A Closer Look Supergirl Falling

One thing that Supergirl as a series has been able to do is pair incredibly powerful stories/lessons while also invoking an impressive understanding and respect for Superman history – especially Superman: The Animated Series. Now whether this is a deliberate attempt or just the end result of two series following the spirit of the comics is besides the point. Either way, Supergirl has become something that fans new and old can get behind and fall in love with. So it’s only right that this week’s episode tackled one of the most troubling and heart wrenching Superman storylines/themes – what happens when they go bad?

I’ll discuss some of these parallels – especially to the animated series iteration of this – a little later; but for now, let’s take a Closer Look at Supergirl “Falling”.

Episode Theme & Meaning – “Falling”:

As the episode kicks off, we not only see Supergirl winning the hearts of the public on street level; but also Cat Grant praising Supergirl on a national level. In these moments, we find Supergirl more loved and higher than she’s ever been before. She’s become the hope and goodness that so many want to see in the world and has started to inspire that strength in others. So it’s only fitting that this also signifies the tragic beginning of her fall.

After exposure to Red Kryptonite – a synthetic substance created by Maxwell Lord in the hopes of stopping Non’s Kryptonians by reverse engineering the already reverse-engineered kryptonite used to stop Bizarro. Unlike previous Kryptonites that cause cellular degradation upon exposure, this ‘Red Kryptonite’ causes mental degradation thus turning the once kind and innocent Supergirl into a being fueled by all her insecurities and rage. Additionally, unlike normal Kryptonite, Red Kryptonite’s effects seem to persist and get stronger even after initial exposure.

It is from these effects that Supergirl and Kara go about destroying everything they were so close to winning: public favor, the honest title of Assistant #1 and James’ love. Though thanks to the Red Kryptonite, Supergirl/Kara turned herself into an oppressive overlord, destroyed Siobhan and pushed James away. Beyond even that, this darker side of her finally gave us the heated backlash from ‘Alex killing Astra’ that we’d been waiting for. Though despite this all being ‘dark Kara’, the fact remains that these ideas were in there in the first place. We all have our dark sides – so does Supergirl and Superman – but whereas we can have a bad day once in a while, they are not afforded the same luxury. This episode was all about Kara finally expressing every dark thought she’s had over the past season – toward Cat, Siobhan, Alex, Hank, Lucy, etc. Though whereas she certainly ‘fell’ this episode, that doesn’t mean she can’t get back up. It might just take a while; but with Cat Grant back on Supergirl’s side, she’s off to a good start.
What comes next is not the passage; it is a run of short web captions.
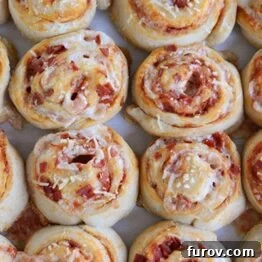 Homemade Pepperoni Pizza Rolls on a baking sheet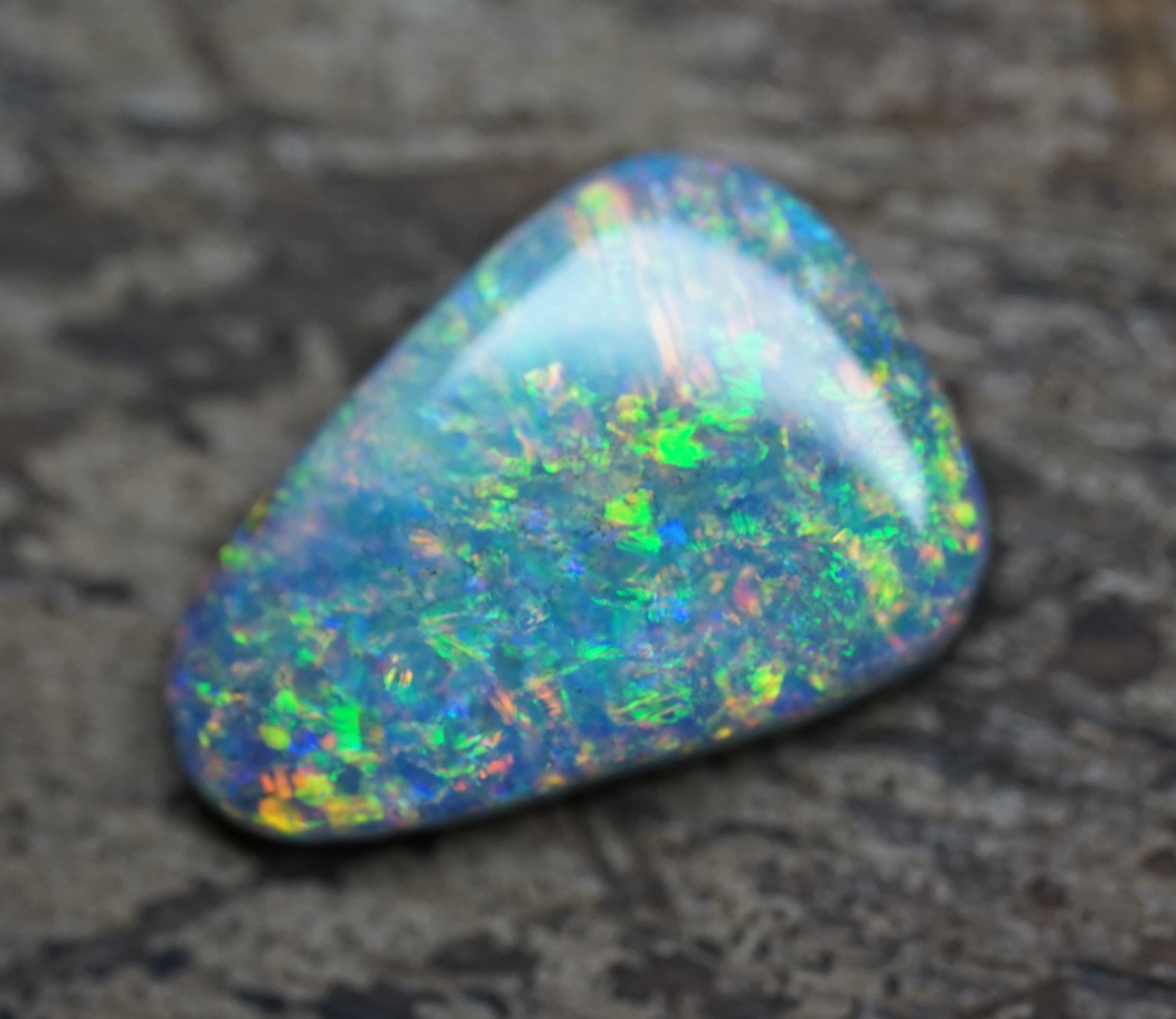 Coober Pedy Triangular Cut Black Opal - 1.6 Carats. 0028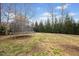 Large grassy backyard featuring a trampoline and surrounded by mature trees at 224 Swann Trl, Clayton, NC 27527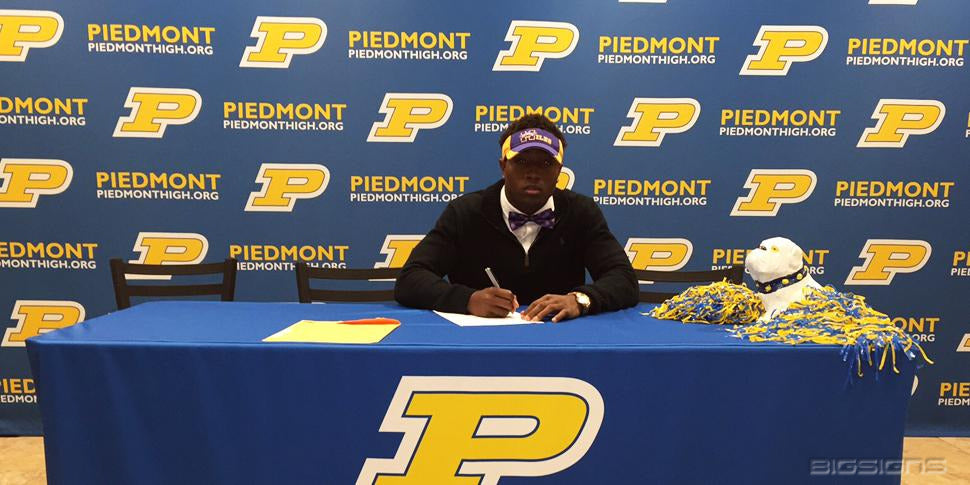 Student signing in front of a navy and gold Piedmont P logo backdrop and table cover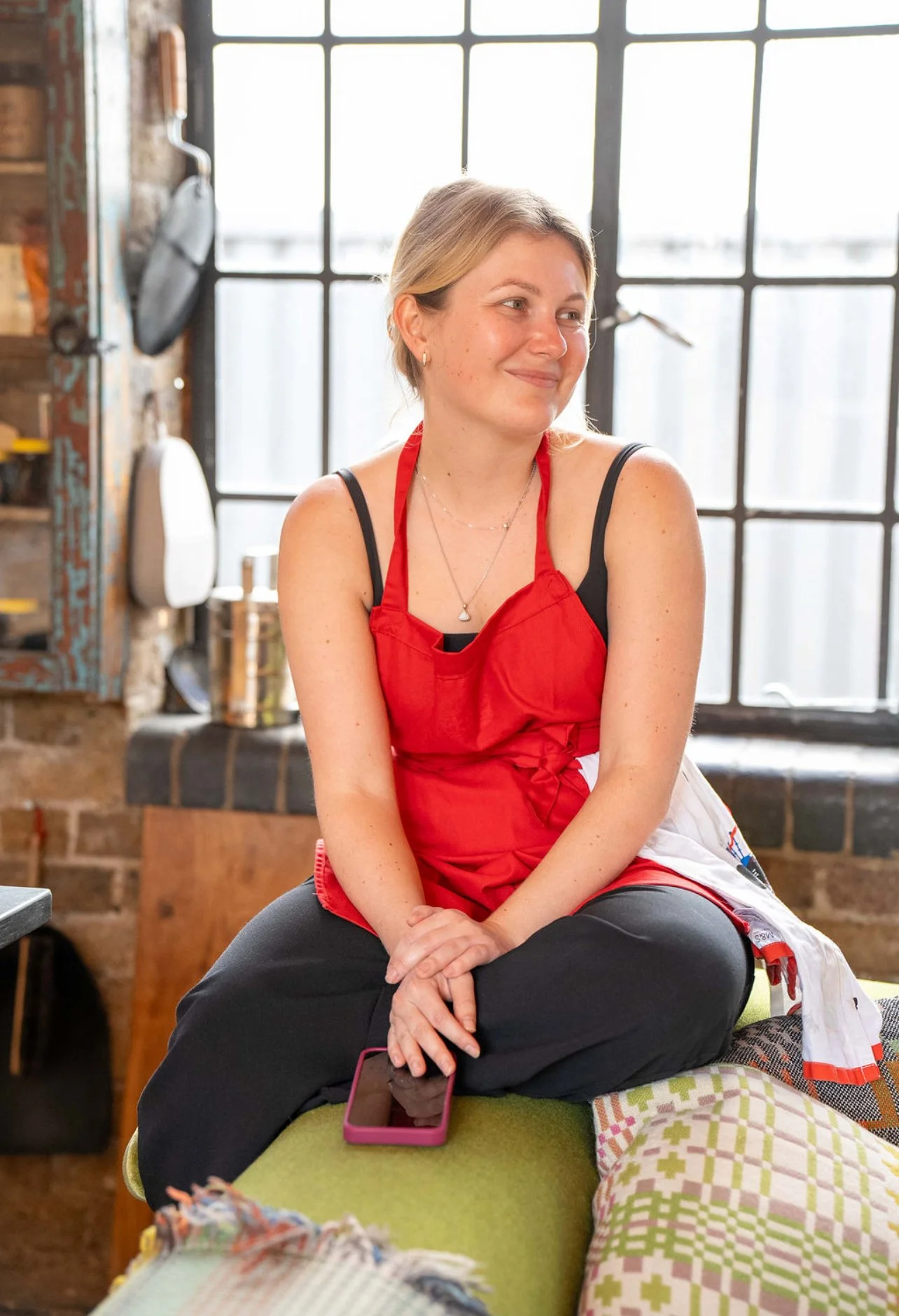 A woman with short blonde hair sits cross-legged on a sofa in a kitchen, wearing a red apron over black clothing, smiling softly and looking to her right, holding a pink smartphone on her lap, with a brick wall and large window behind her.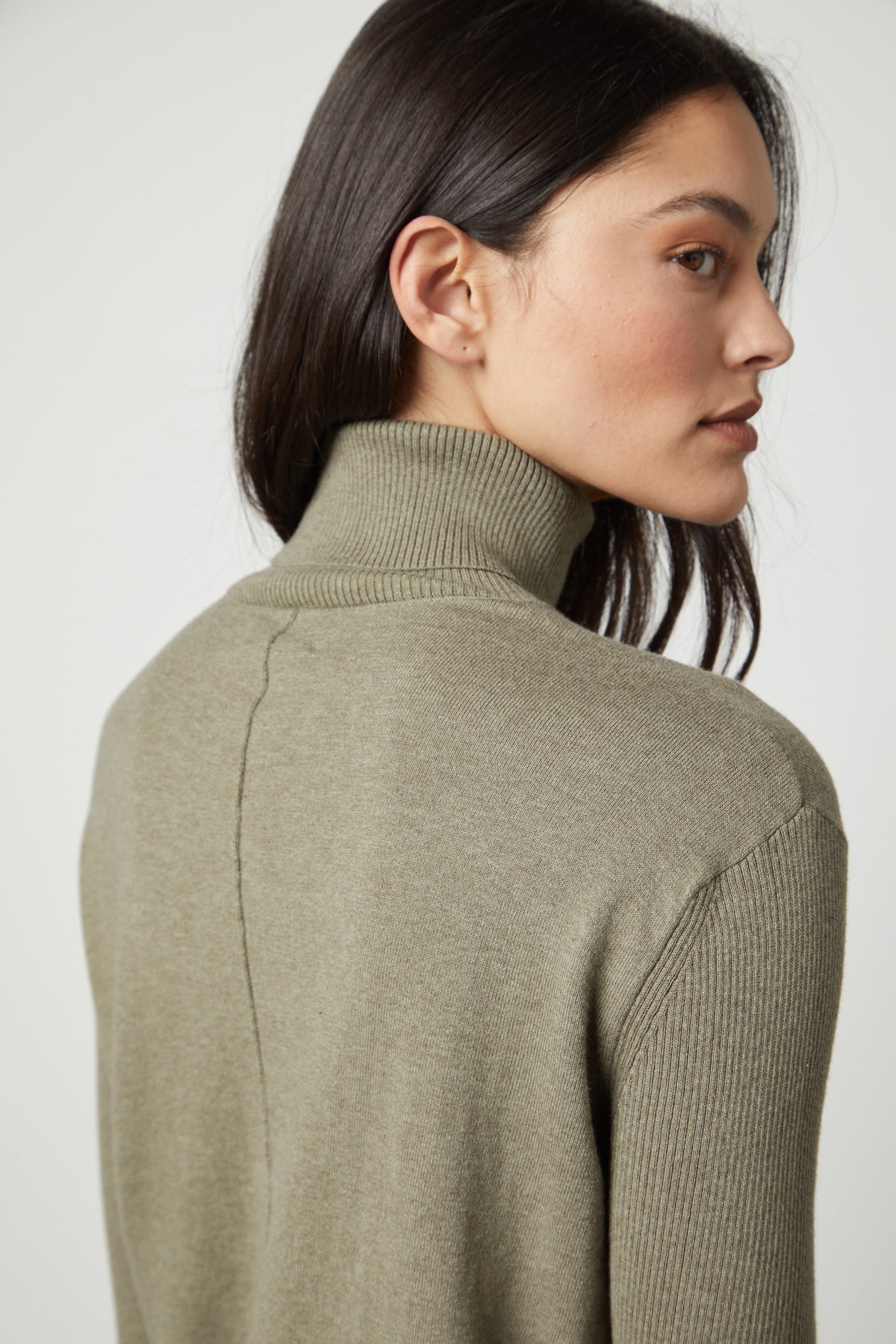 The back view of a woman wearing a Velvet by Graham & Spencer SALLY MOCK NECK SWEATER.-35503516057793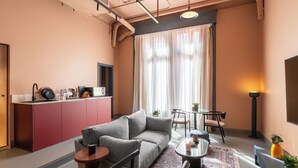 A modern living room with a sofa, chairs, a coffee table, and a small dining area. - Brassbell grey apartments Bidair House (Cairo)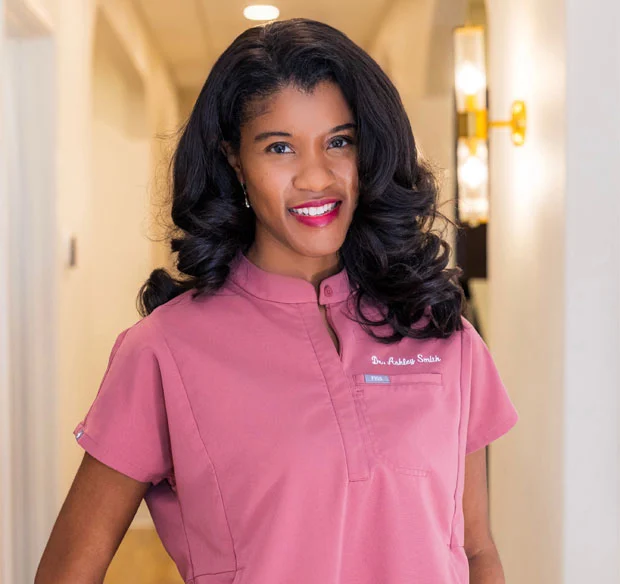Professional woman in pink dental scrubs smiling in modern dental office hallway.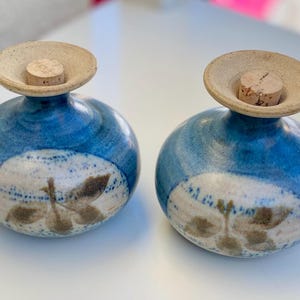 Puede incluir: Dos saleros y pimenteros de cerámica azul con tapones de corcho y un diseño floral blanco y marrón.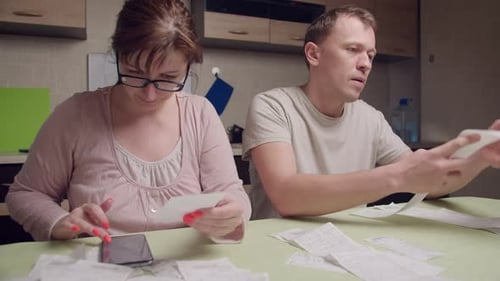 A Married Couple Is Counting Expenses on Checks a Man Is Shocked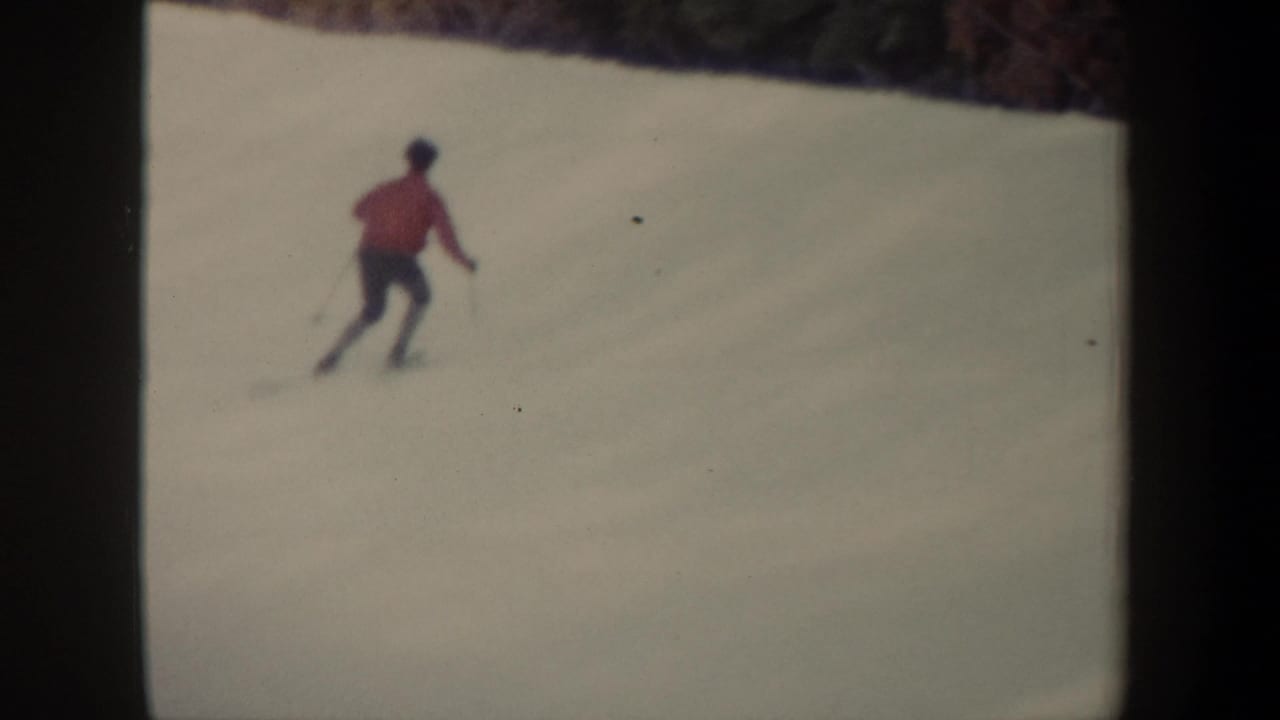 Distant skier in a red jacket gliding across a snowy slope.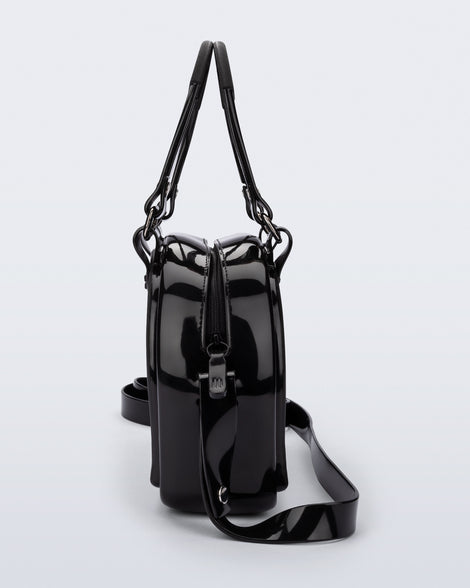 Side view of a black Bowling bag with handle strap and cross body strap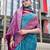 Women's teal soft silk bandhani saree with unstitched silk blouse piece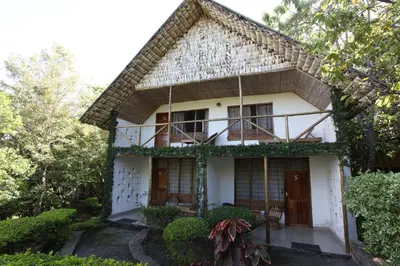 a house with ivy on the side of it at Meru Mbega Lodge in Usa River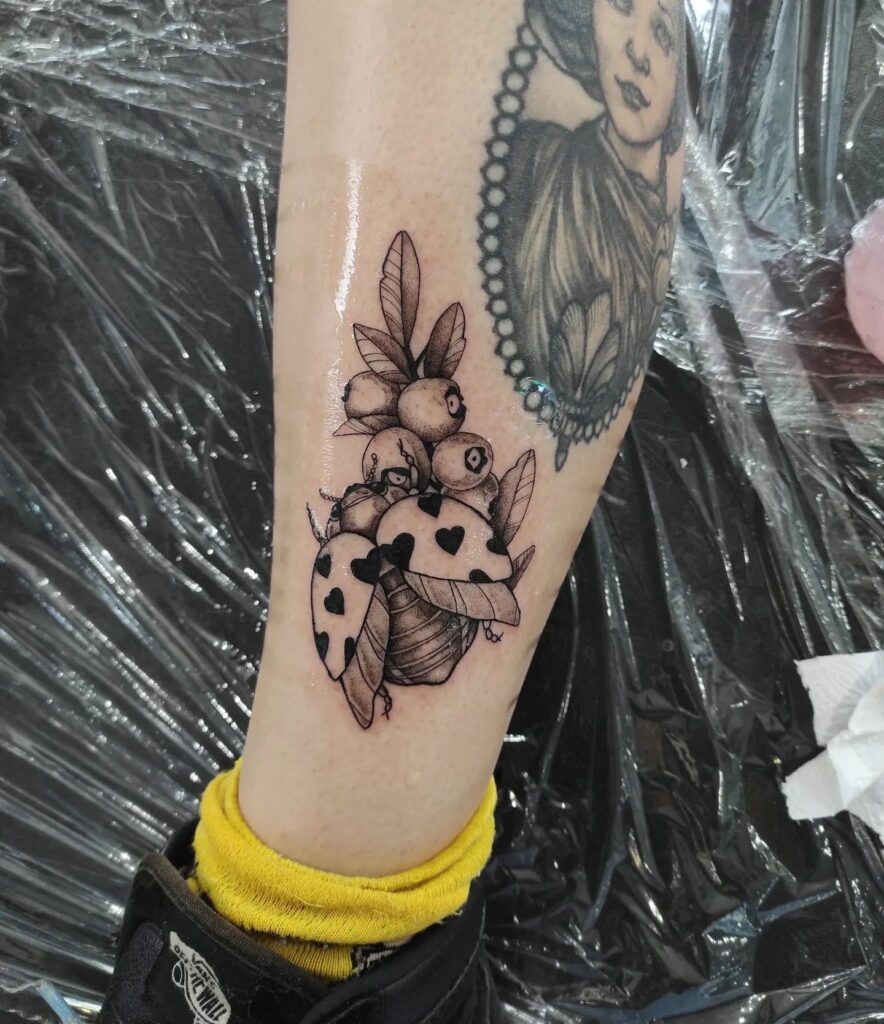Complex Ladybug Tattoo Design With Heart
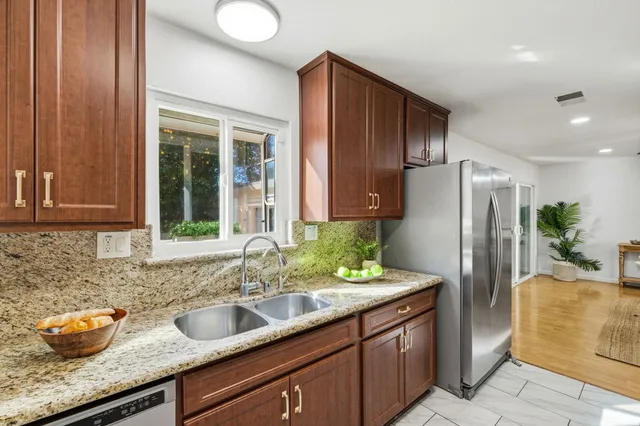 a kitchen with stainless steel appliances granite countertop a refrigerator and a sink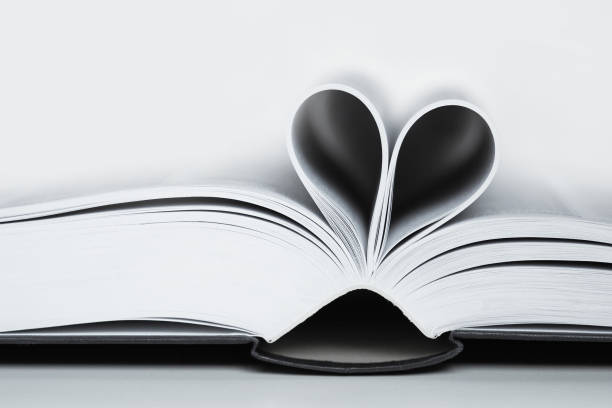 istock Open book, black and white image. Heart shaped book sheets 1181695115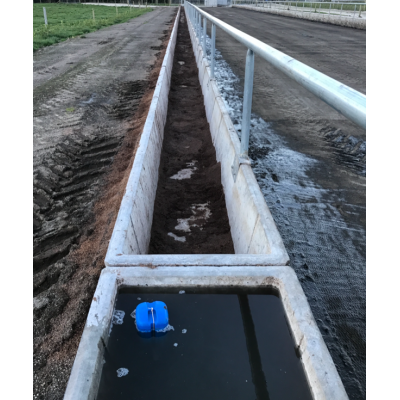 Long oblong concrete water trough along a stock rail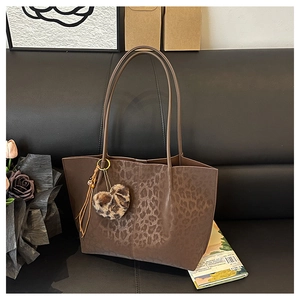 Detailed view of leopard print tote bag with plush heart charm and tassel accessory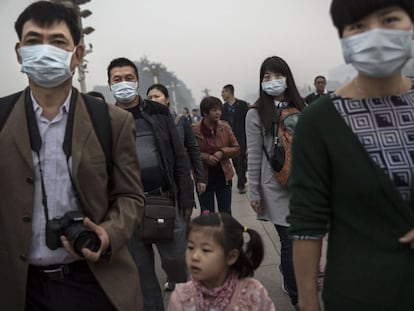 Varias personas con mascarillas en la plaza de Tiananmen de Pek&iacute;n. 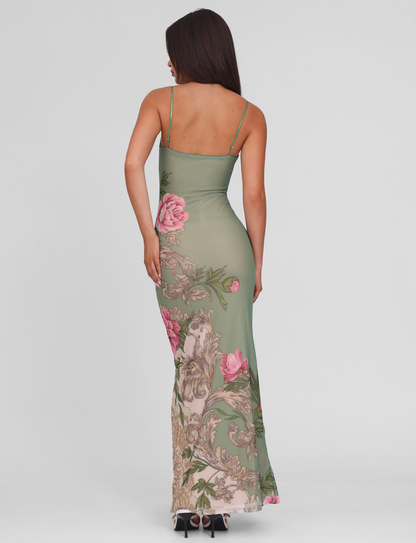 Back view of a woman in the green floral mesh maxi dress, revealing the spaghetti straps and elegant drape.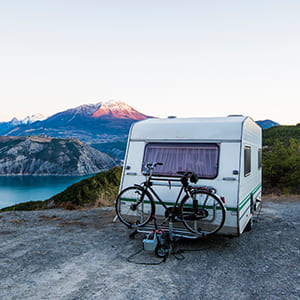 camper on edge of cliff with bike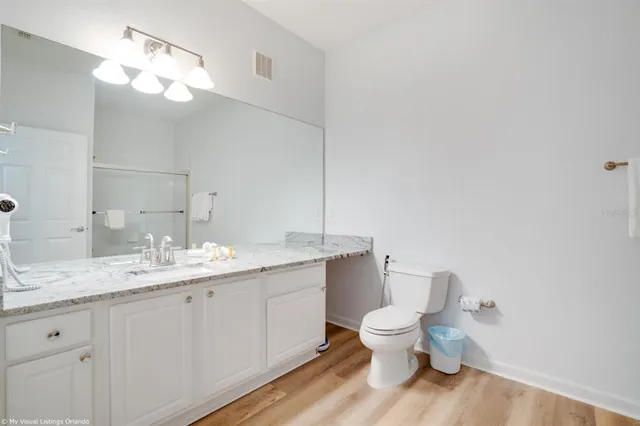 a bathroom with a glass shower door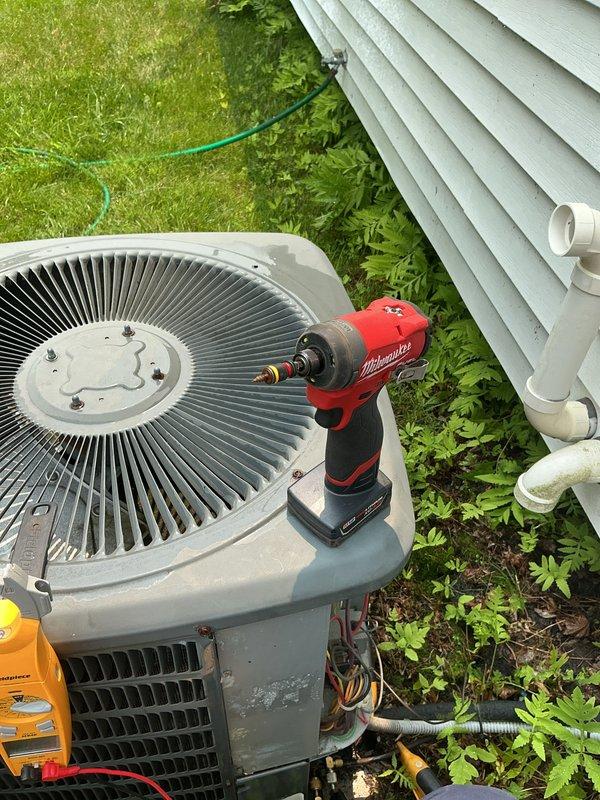 Completed comprehensive air conditioning tune-up on outdoor condenser unit, performing standard preventive maintenance procedures including electrical testing with multimeter, component inspection, and system diagnostics. Collected payment for annual maintenance renewal and rescheduled follow-up appointment for continued service coverage.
Interesting Parallels To Superman: The Animated Series:

As I was mentioning earlier, Superman going rogue is a famous story/theme and the same is true of Supergirl. After all, these stories represent the worst fears of those who hate them: ‘what happens if the most powerful person in the world went rogue’. It’s an issue Maxwell Lord feared here as well as the main idea in the upcoming Batman v Superman – albeit to a different degree. The cause is always different and the inclusion of Red Kryptonite is story that is very familiar to anyone who ever watched Smallville; but this story of turning actually reminded me of something slightly different.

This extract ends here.